We can’t let the aggressive secularists drive out religion, by John Anderson, former deputy prime minister of Australia.

We are atomising and fracturing in the context of the rise of powerful ferment over beliefs and ideologies across the globe. Far from this being “the end of history” or an age of secularism, we are witnessing a global resurgence of religion and ideology.

We are also living through a clash of Western traditions within our own civilisation, between liberal traditionalism and cultural Marxism, both of which emerged out of the Enlightenment. …

The great myth is that all of our most cherished values came out of some secular Enlightenment. On the contrary, notions of human dignity and equality arose in the Judeo-Christian tradition hundreds of years before the Enlightenment; and, in any case, for the most part the Enlightenment was not secular. The great Enlightenment document affirming human rights, equality, and liberty — Thomas Jefferson’s 1776 Declaration of Independence — based these ideals on the notion that “all men are created equal” and are “endowed by their Creator” with these rights. …

The anti-slavery movement, perhaps the greatest human rights achievement of all time, drank deeply at the well of Christianity, with the strong religiosity of African-Americans to this day testifying to a collective awareness of Christianity’s emancipatory ­potential.

Jesus Christ was a revolutionary political figure. He transformed the West by bringing, among other things, the notions that we are all equal before the Lord, and that we had better behave in this life or will be harshly judged in the next. Eventually the logic and appeal of his teachings resulted in liberal democracy, the Enlightenment, the end of slavery and polygamy, celebration of humility, and so on — though it took centuries to spread from a few dusty middle-eastern villages to the entire world. The last few decades have seen erosion on all these fronts by cultural Marxists.

The rhetoric of an often aggressive secularism which seeks to drive religion out of the public square fails to grasp that secularism is merely one voice in the pluralist crowd. Contemporary secularists need to accept that while Australia is not as religious as it was a generation ago, it is not the secularist nation they would like. If secularists rejoice that the 2016 census reported that 30 per cent of Australians register “no religion” they must also acknowledge that around 50 per cent of Australians identified as Christian, with continued immigration coming from countries that are less secular than Australia.

Thus, calls for the withdrawal of public funding for religious schools that discriminate are seriously flawed. Such calls covertly define the Australian “public” as secular, as though the religious parents who send their children to religious schools aren’t themselves members of the same public that contributes the funds from which Australian schools are supported. Once we acknowledge that the Australian public remains to a significant degree a religious public — as the 2016 census indicated — then religious schools have as much right to public funding as non-religious schools. …

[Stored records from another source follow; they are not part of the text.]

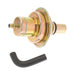 Standard Ignition TM-23 Automatic Transmission Vacuum Modulator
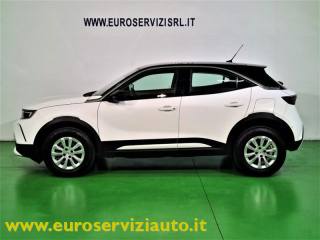OPEL Mokka usata, con Cerchi in lega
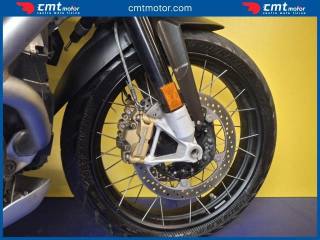 BMW R 1250 GS usata 13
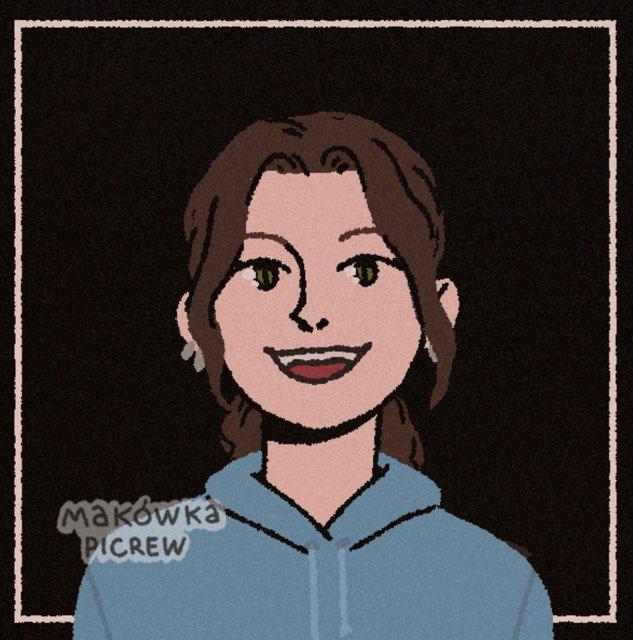 Laur profile photo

When you replace humility with a culture of narcissism and self-righteousness, those with whom we disagree become wicked in our minds. But as Russian dissident Aleksandr Solzhenitsyn said: “The line separating good and evil passes not through states, nor between classes, nor between political parties either — but right through every human heart — and through all human hearts.” …

Dare to disagree on cultural grounds with the reigning orthodoxy on gender politics and you’ll immediately find yourself branded a lesser Australian. …

I don’t hear anyone arguing for an extension of religious liberty; rather, it has become patently obvious that effective measures are now needed to simply preserve the freedoms we’ve taken for granted and exercised for so long in laissez-faire Australia. That is because our society is now plainly infused with activists who are determined to use every tool available to enforce their views on others, no matter the cost. And as a result, our cherished social harmony really is now at risk.